_Entries shown_.
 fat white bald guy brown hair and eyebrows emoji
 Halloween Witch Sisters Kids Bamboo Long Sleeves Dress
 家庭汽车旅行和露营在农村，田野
...
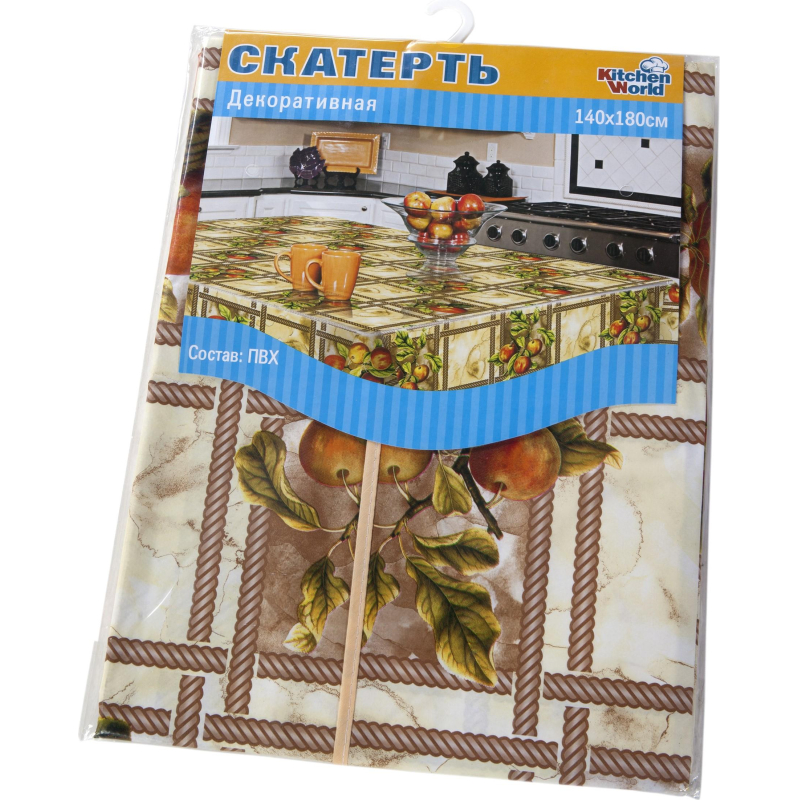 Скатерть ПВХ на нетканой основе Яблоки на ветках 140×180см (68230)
==
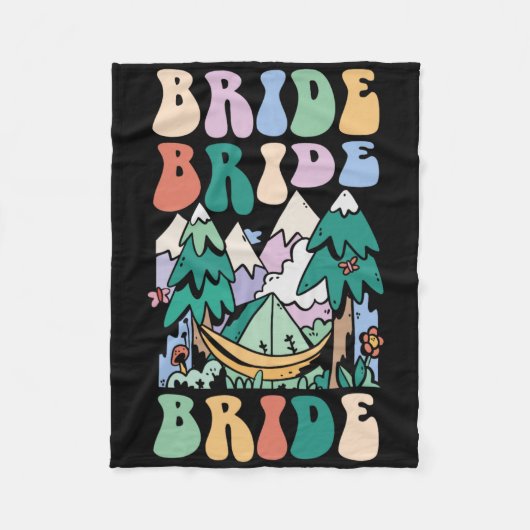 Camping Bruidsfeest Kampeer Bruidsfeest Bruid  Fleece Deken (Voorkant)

_What to work on_. Quote the data above from the line containing "Halloween Witch Sisters" to the line containing "家庭汽车旅行和露营在农村，田野", inclusive, and stop.

_Answer to this task_.
 Halloween Witch Sisters Kids Bamboo Long Sleeves Dress
 家庭汽车旅行和露营在农村，田野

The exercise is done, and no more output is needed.